After enjoying Rogue One much more that The Force Awakens I realised that the sequels are probably not going to please me as much as the spin-offs. So I thought I’d just take The Last Jedi as I found it.

Over all I liked it. I certainly like it a bit more than The Force Awakens as there a little more meat on the bones of the story and while it does lift elements from Empire and Jedi it’s not a complete remake like The Force Awakens was of A New Hope.

That being said there were a few things I didn’t like about it so I’ll deal with those first.

The humour, especially the Poe-Hux comedy routine right at the start of the movie. It actually felt like something that should be in a parody movie like Spaceballs. It was very bad judgement to include something so comedic, especially right at the start of the movie. Plus they turned Hux into a comedy straight man throughout the rest of the movie.

The constant “we have a bigger ship” routine. This started with the Dreadnaught ship appearing which was much bigger than the already large Star Destroyers. We are expected to believe that Poe in his small fighter can single-handedly rid it of the defence cannons. Then Snoke’s ship appears which is supposedly 60 km wide. And on the planet at the end they have a gigantic battering ram cannon (much larger than the supersized AT-ATs) just to knock a tiny hole in a door. It just feels like overkill and again like self-parody.

The use of the Luke character. I really don’t think Luke has been well used in these movies. The Force Awakens reduced him to a cameo without dialog. This one has him hiding on a distant planet pretty much being very grumpy and refusing to help Rey. I do find it hard to believe that the Luke of the original trilogy just gave up and hid himself away. And then he goes and dies at the end. Indidently Mark Hamill is apparently on record as sayin he doesmt recognise this version of Luke.

The Mary Poppins scene. Or if you like the scene where Leia was blasted into space but used Jedi powers to “fly” back into the ship. Heavy sigh. It was one of those moments where I sat in the cinema asking myself “just what the hell am I looking at here?”

The side mission to the casino planet. Again with the inappropriate humour, especially an inebriated patron putting coins into BB8 mistaking him for a slot machine. This allows BB8 to later fire the coins like a machine gun. Face palm. They also got in a very unsubtle “be nice to animals” message.

BB8 driving a scout walker. Puts head in hands.

There was however much that I liked.

The opening bomber raid on the Dreadnaught was something a little bit different and was quite gripping. The bombardier on the last remaining bomber is unable to press the all important “drop the bombs” button so it’s up to gunner Paige to retrieve said button and drop the bombs without a thought for her own survival. A very tense and eff3ctive opening.

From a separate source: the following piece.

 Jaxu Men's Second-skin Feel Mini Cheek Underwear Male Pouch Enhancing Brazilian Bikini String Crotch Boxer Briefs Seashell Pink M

(It occurs to me that I’d like to see a Star Wars movie about that, a single bomber crew on a specific mission with the odds against them.)

Some of the stuff with Rey on Luke’s planet was good. I liked the bit where she has a Jedi vision of herself multiplied. There was some good visually interesting stuff going on.

There was a lovely little moment where R2D2 shows luke the old hologram of Leia asking Obi-Wan for help.

(But that reminds me, R2 was hardly in the movie. That’s two movies in a row he’s hardly used. Why are they so reluctant to do stuff with R2?)

The lightsabre battle with Rey and Kylo having to team up against the Praetorian guards was pretty impressive and was probably one of the strongest sequences in the movie.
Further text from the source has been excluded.